Assignment → Transcribe nothing but the lines from the one with "Let me unlock" to the end of the entries, both included, keeping each exact and leaving every picture out.

Material for the task →
+-------+
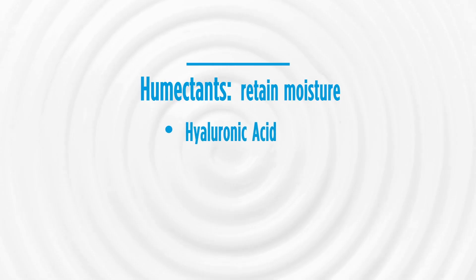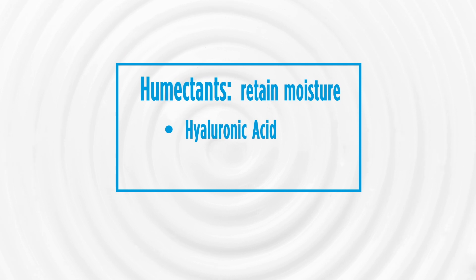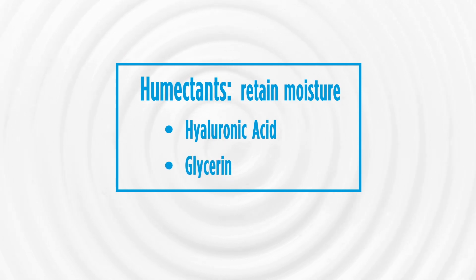The body has natural humectants. They're present down in the second layer of skin known as the dermis. The most important humectant in the body is hyaluronic acid, but there are others such as glycerin, which are also important.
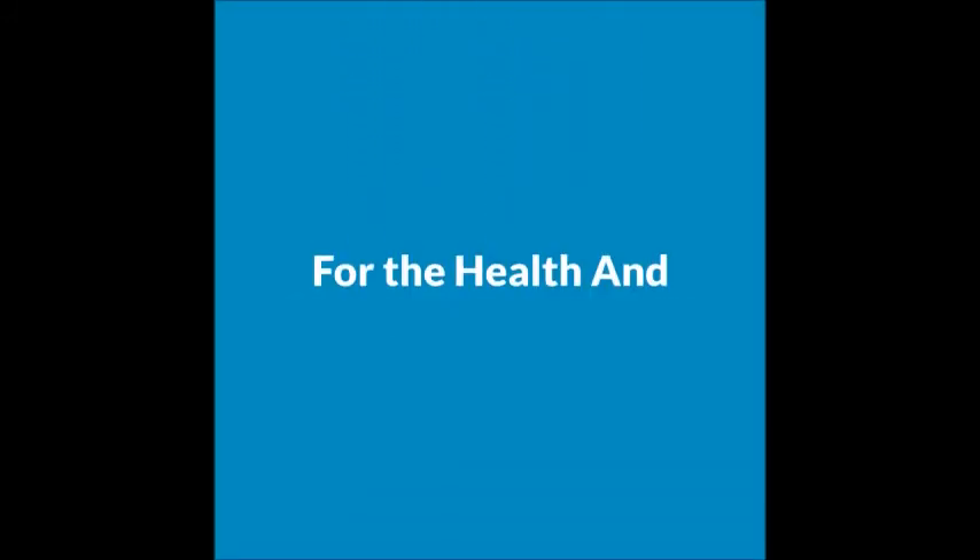If you think you have a problem in your home and you need help finding it, or if you're concerned about your health, give us a call. It's Ocean Breezes Home Inspections, 410-858-3612. Again, it's 410-858-3612, or you can look us up online at OceanBreezesHI.com.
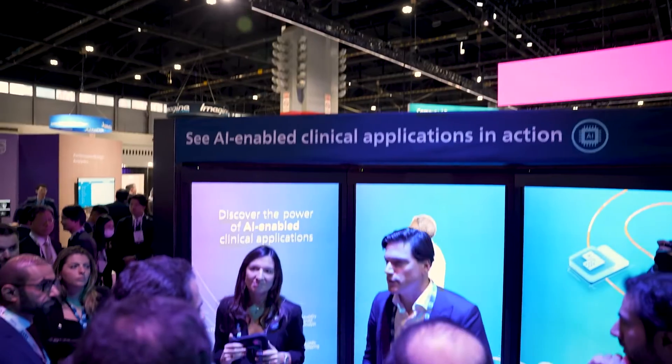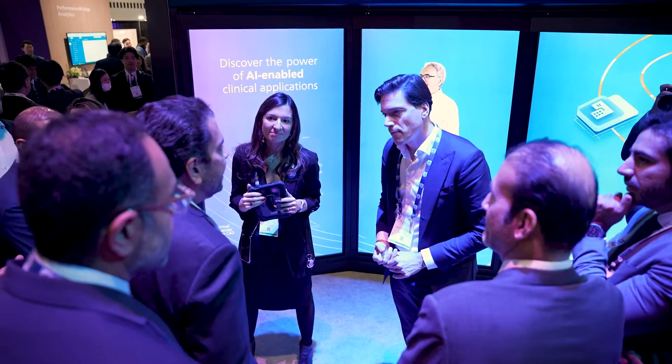What we do at Philips is take a look at AI-enabled tools that will optimize the workflow so the right thing is the easy thing. We create environments in which the clinicians, physicians, nurses, and techs all can do their work seamlessly and easily in an integrated environment. This is the promise of AI.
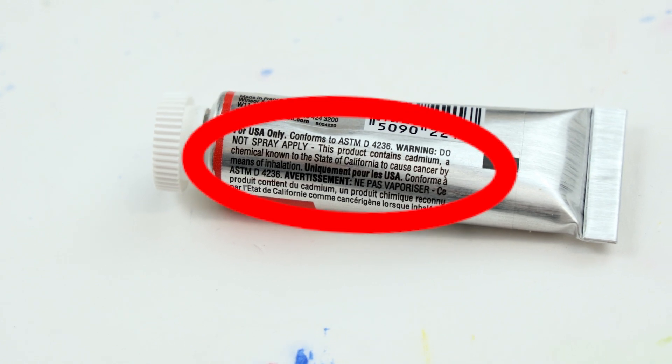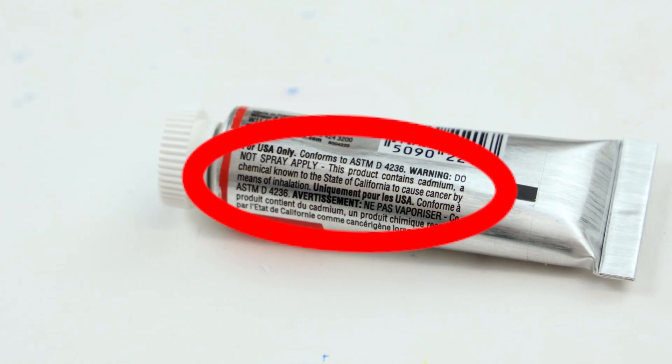If it has a CL symbol, it'll say something like a caution, for example, do not spray apply. So if you had something like a cadmium or a cobalt heavy metal, you wouldn't want to put that into an airbrush gun and spray it, creating a fine mist that you could breathe in. That would be your caution.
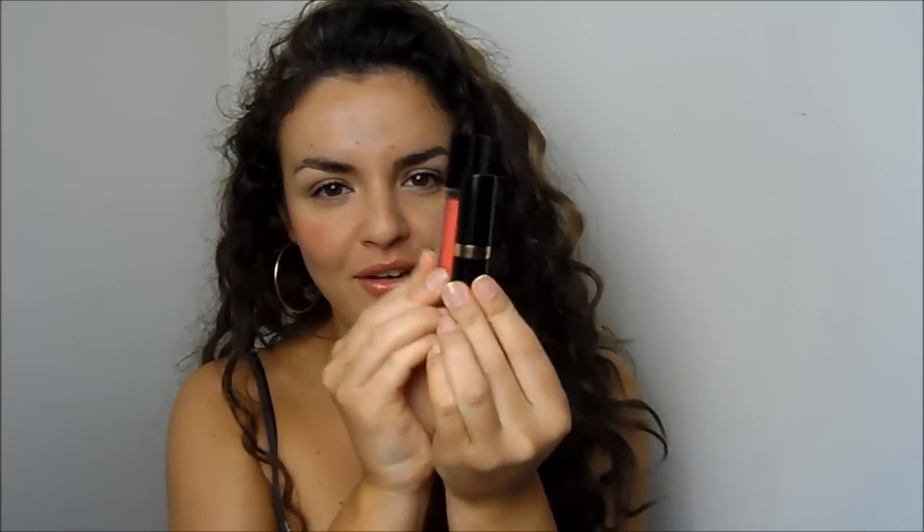My all-time favorite gloss is this one by Revlon - Coral Reef. The name 'coral' isn't very true because it's more of a peach, but it has a lovely doe-foot applicator, is really pigmented, and has a lovely sweet scent. The packaging is very Chanel-esque with the gold and black - very expensive and chic looking.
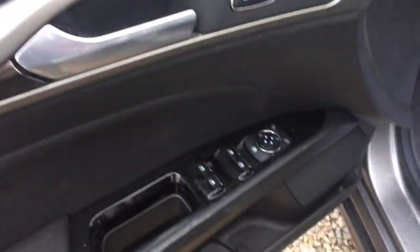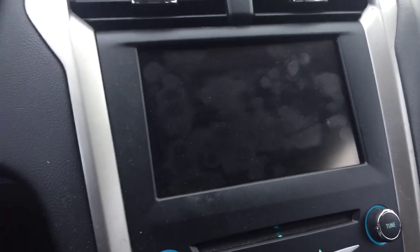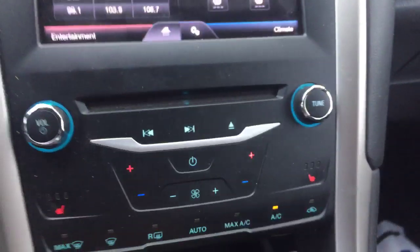Let me unlock it. Nice black interior. Got your power seat, power locks, power windows. Backup camera for you as well. Heated seats for you and your passenger up front and your dual climate control.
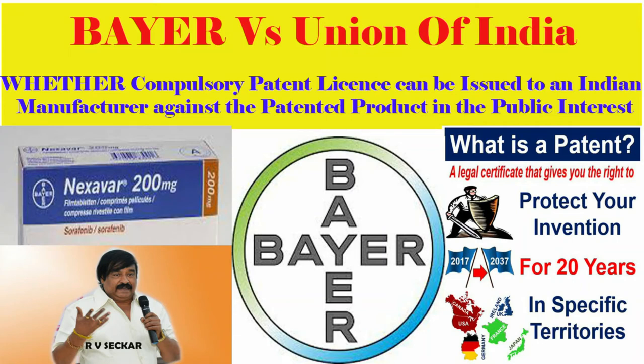Dear professional friends, this is R.V. Sheger, Practicing Company Secretary. In this video, I am going to discuss about an interesting trademark patent case.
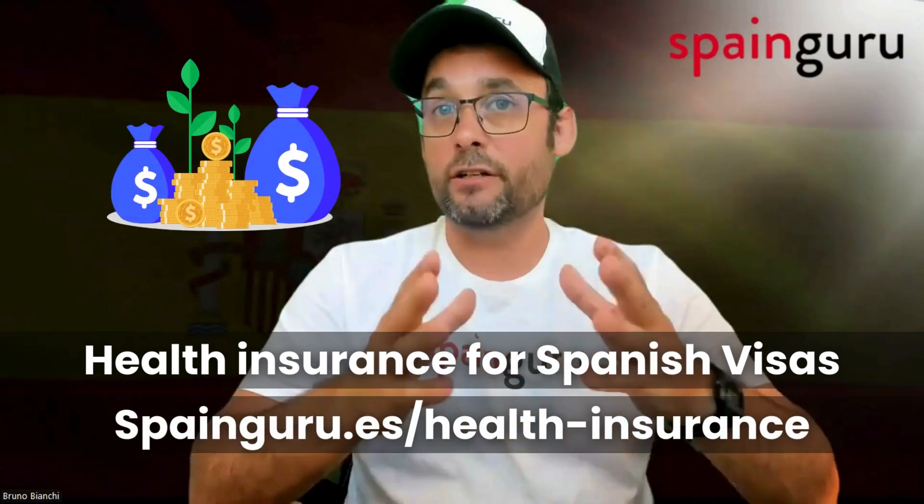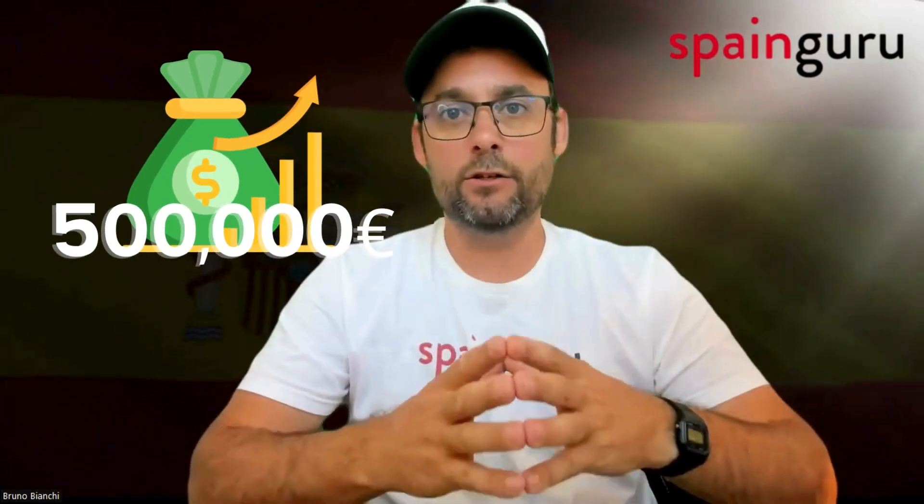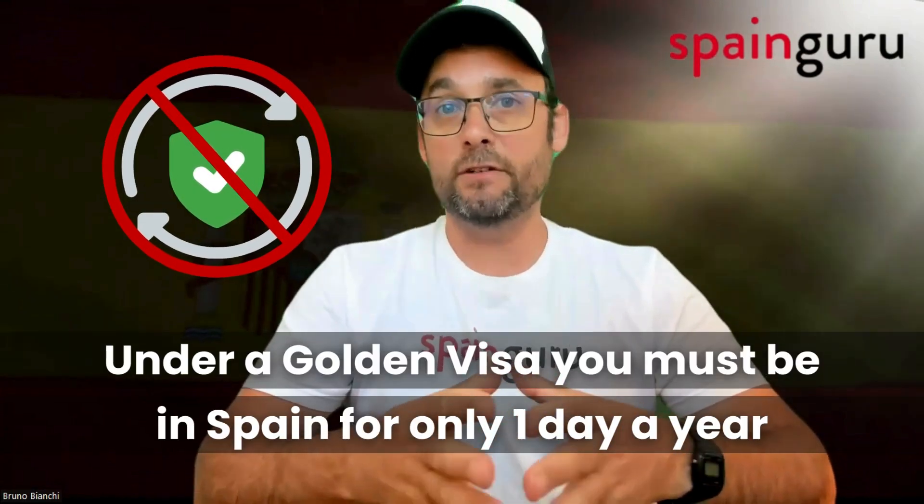Additionally, if your pockets are deep, there is the golden visa. It was announced by the Prime Minister of Spain that this program was going to be discontinued, but they didn't say when or how that is going to happen. A hefty investment of half a million euros in real estate could not only open the doors to longer stays, but also grant you residency status without the fuss of visa renewals.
+-------+
Result of this exercise →
Let me unlock it. Nice black interior. Got your power seat, power locks, power windows. Backup camera for you as well. Heated seats for you and your passenger up front and your dual climate control.
Dear professional friends, this is R.V. Sheger, Practicing Company Secretary. In this video, I am going to discuss about an interesting trademark patent case.
Additionally, if your pockets are deep, there is the golden visa. It was announced by the Prime Minister of Spain that this program was going to be discontinued, but they didn't say when or how that is going to happen. A hefty investment of half a million euros in real estate could not only open the doors to longer stays, but also grant you residency status without the fuss of visa renewals.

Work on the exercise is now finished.